Penyanyi Pink Ungkap Positif Covid-19

Penyanyi Pink Ungkap Positif Covid-19
Pink bersama Carey Hart dan putri mereka, Willow menghadiri ajang MTV Video Music Awards (VMA) 2017 di California. ( Foto: Istimewa )
Indah Handayani / JAS Sabtu, 4 April 2020 | 14:39 WIB

Jakarta, Beritasatu.com - Penyanyi P!nk (Pink) mengungkapkan dirinya telah menjalani tes dan terbukti positif virus corona atau Covid-19. Penyanyi bernama asli Alecia Beth Moore ini menjadi selebritas terbaru yang menghadapi pertempuran dengan virus corona di tengah pandemi global.

"Dua minggu yang lalu putra saya yang berusia tiga tahun, Jameson, dan saya menunjukkan gejala Covid-19. Untungnya, dokter perawatan primer kami memiliki akses ke tes dan saya dites positif. Keluarga kami sudah berlindung di rumah dan terus melakukannya selama dua minggu terakhir mengikuti instruksi dokter. Hanya beberapa hari yang lalu, kami diuji ulang dan sekarang untungnya negatif,” tulis Pink dalam unggahan di akun media sosialnya, Twitter dan Instagram, pada Jumat malam (3/4/2020).

Pink kemudian berbagi pemikirannya tentang pengujian virus corona, sesuatu yang telah menjadi isu penting selama krisis. Di Los Angeles, lokasi Pink, suami Carey Hart dan dua anak mereka memiliki rumah di sebelah barat kota dekat pantai, para pejabat kesehatan telah menyatakan frustrasi atas kapasitas pengujian yang terbatas. Bahkan Direktur Kesehatan Masyarakat LA Barbara Ferrer mengatakan targetnya minggu depan adalah untuk mendapatkan 10.000 penduduk diuji per hari tetapi sejauh ini, baru mencapai total 20.000 yang telah diuji.

Pink menyebut pengujian sebagai "parodi mutlak," menambahkan itu terjadi karena kegagalan pemerintah untuk tidak membuat pengujian lebih dapat diakses secara luas.

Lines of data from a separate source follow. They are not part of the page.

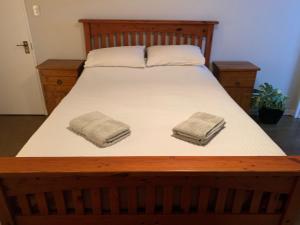 a bed with two towels on top of it at American Rustic Barn in Hamilton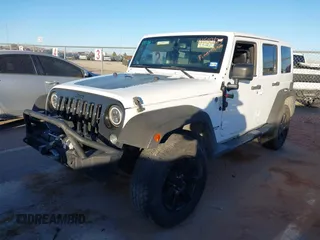 2014 Jeep Wrangler Unlimited Sahara with VIN 1C4BJWEG0EL273475, listed as a IAAI auction lot 41515425 with 128,900 mi miles. Bid and sale history available at carsss.com. Image 17.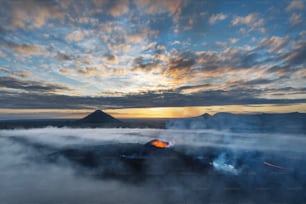 the sun is setting over a mountain covered in clouds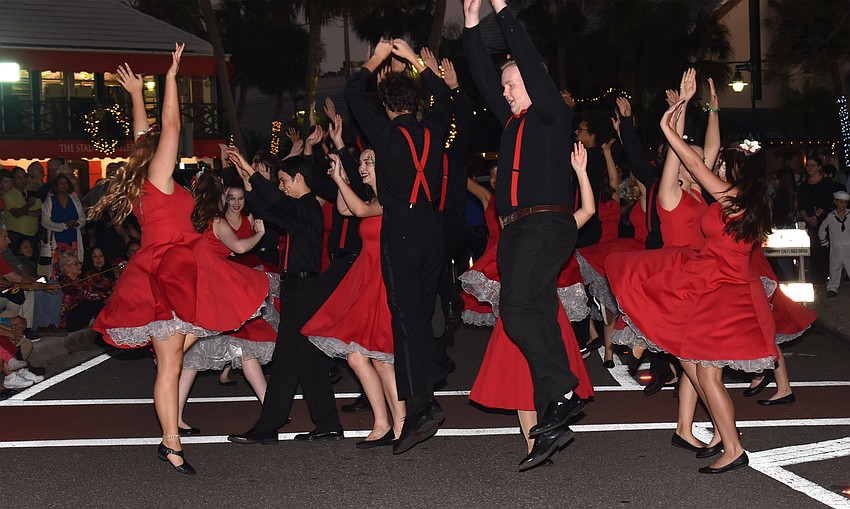 The Sarasota High School Drama Department dance troupe performs for the crowd.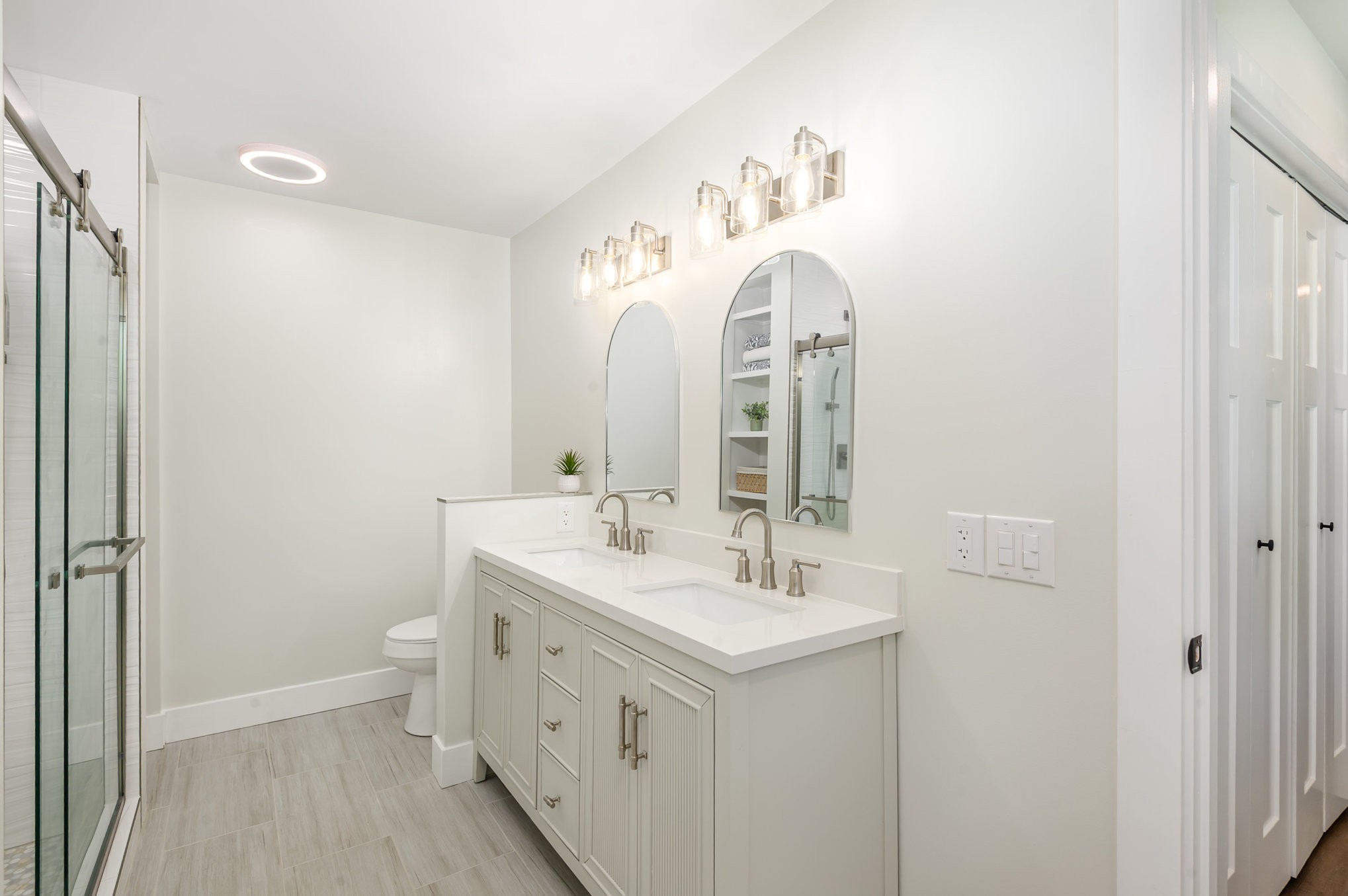231 South Palmers Chapel Road White House, TN 37188 - Photo 21 of 40 a bathroom with a double vanity sink mirror and toilet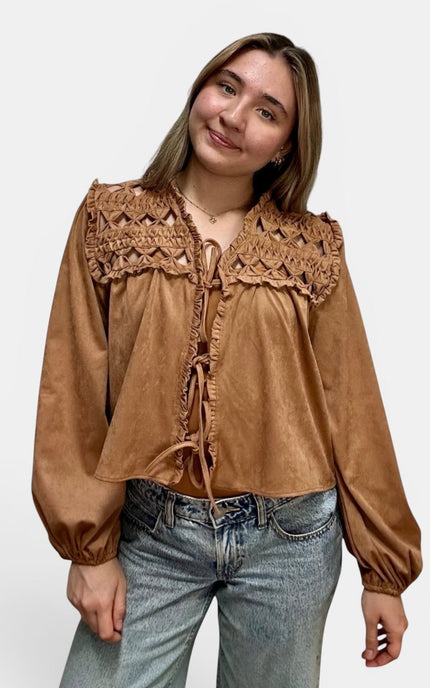 Cropped tan suede-like blouse with a large crocheted lace yoke and tie-front detailing, paired with light-wash blue jeans, against a plain light gray studio background.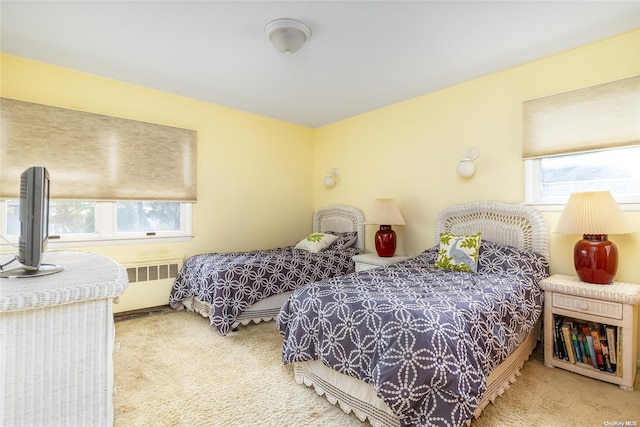 bedroom featuring light carpet, radiator heating unit, and multiple windows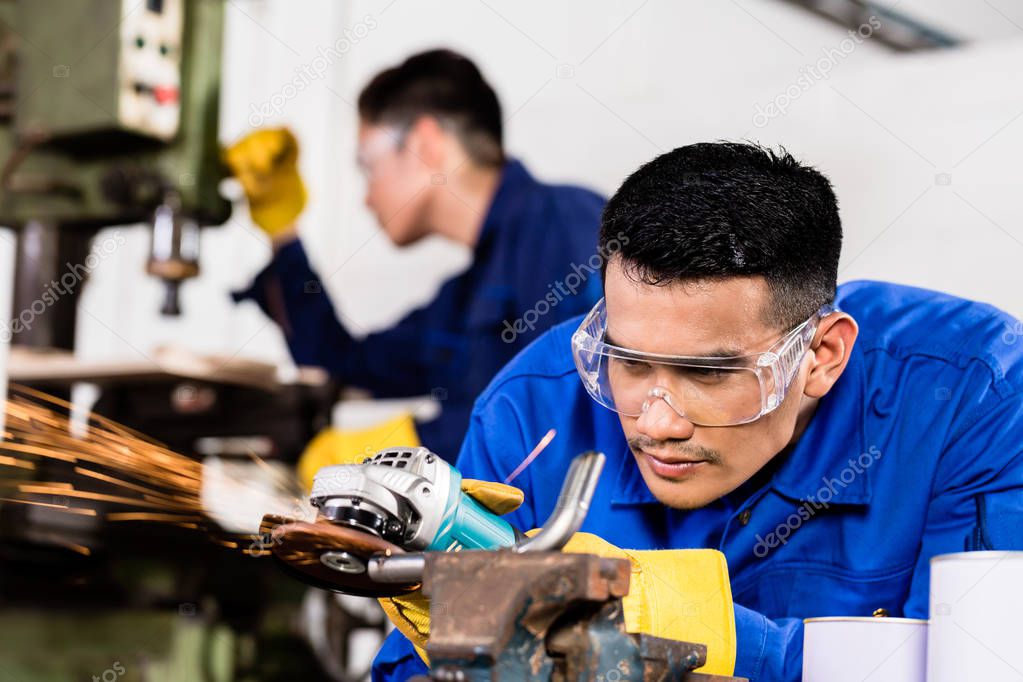 Metal workers in industrial workshop grinding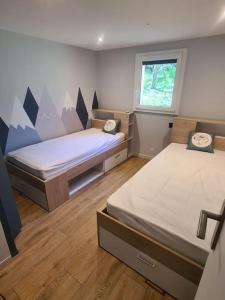 a room with two beds and a window at Chalet Le Parc de Latour, au pied de la montagne in Latour-de-Carol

Dia pun mengungkapkan bahwa penyakit ini serius dan nyata.

“Orang-orang perlu tahu bahwa penyakit tersebut mempengaruhi orang muda dan tua, sehat dan tidak sehat, kaya dan miskin, dan kita harus membuat pengujian gratis dan lebih mudah diakses untuk melindungi anak-anak kita, keluarga kita, teman-teman kita dan komunitas kita,” tegasnya.

Untuk membantu prosesnya, penyanyi berusia 40 tahun ini mengumumkan memberikan sumbangan yang cukup besar yakni 1 juta dolar AS untuk mendukung pekerja perawatan kesehatan di garis depan. Dengan rincian 500.000 dolar AS ke Dana Darurat Rumah Sakit Universitas Temple di Philadelphia untuk menghormati ibunya, Judy Moore, yang bekerja di sana selama 18 tahun di Cardiomyopathy and Heart Transplant Center.

“Selain itu, saya menyumbangkan 500.000 juta dolar ke Walikota Los Angeles City. Emergency Crisis Covid-19. Terima kasih kepada semua profesional kesehatan kami dan semua orang di dunia yang bekerja sangat keras untuk melindungi orang-orang yang kita cintai. Anda adalah pahlawan kita! Dua minggu ke depan ini sangat penting: silakan tinggal di rumah. Rumah,” tulisnya.]